Caroline put her binoculars back up to her eyes. Soon, she saw the man Freddie indicated. Balding across his head, the man wore a black leather jacket and tan slacks.

“I see him,” she said.

“He’s the same guy who walked by wearing a gray hoodie ten minutes ago. He’s wearing green Converse. He must’ve changed his jacket at his car or something, but he didn’t bother to change his shoes,” Freddie said.

“Good catch,” Caroline said, her tone holding appreciation for Joey’s brother’s abilities.

Freddie shrugged. “I saw it once in a movie.”

Caroline watched the front of the courthouse with new eyes, focusing on the shoes of the people on the sidewalk. Sure enough, over the course of fifteen minutes, she saw the same three men circle back along the sidewalk. Their clothes changed, but not their shoes. She realized there had to be a car parked somewhere around the corner where the men were changing. Or an alcove somewhere out of view.

She shivered involuntarily.

The obvious planning that had gone into Med-Gen’s surveillance disturbed Caroline. If there were creeps waiting on the sidewalk for them, there were probably creeps waiting inside the courthouse, too. She reminded herself that the metal detectors and marshals inside ensured that no one was armed.

They just had to get past the doors.

Caroline scanned the streets again. Still no police escort.

Settling in to wait, she kept the binoculars up to her eyes.

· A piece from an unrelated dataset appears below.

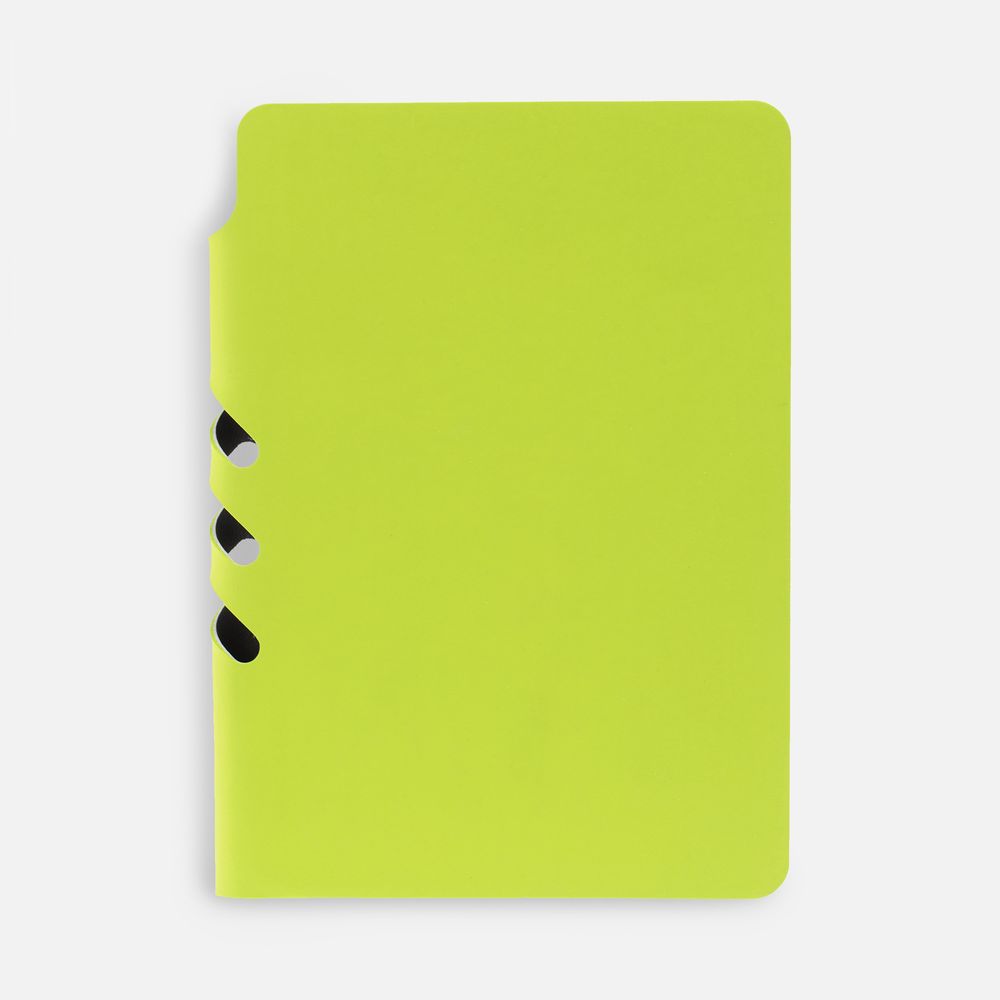 Ежедневник Flexpen Mini, недатированный, светло-зеленый — изображение 3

“Where are they?” Annie asked. The concern in her voice mirrored Caroline’s mood.

“Maybe they got another call?” Caroline mused aloud. She let the binoculars fall around her neck. She checked her watch—9:48. The hearing would begin in less than a half hour.

“Can I use your phone?” she asked, turning to Freddie.

“Sure thing,” Freddie said, fishing his phone out of his pocket and handing it to her.

Dialing quickly, Caroline called the NYPD. When she heard the menu, she keyed in zero. An automated voice offered her a menu of options.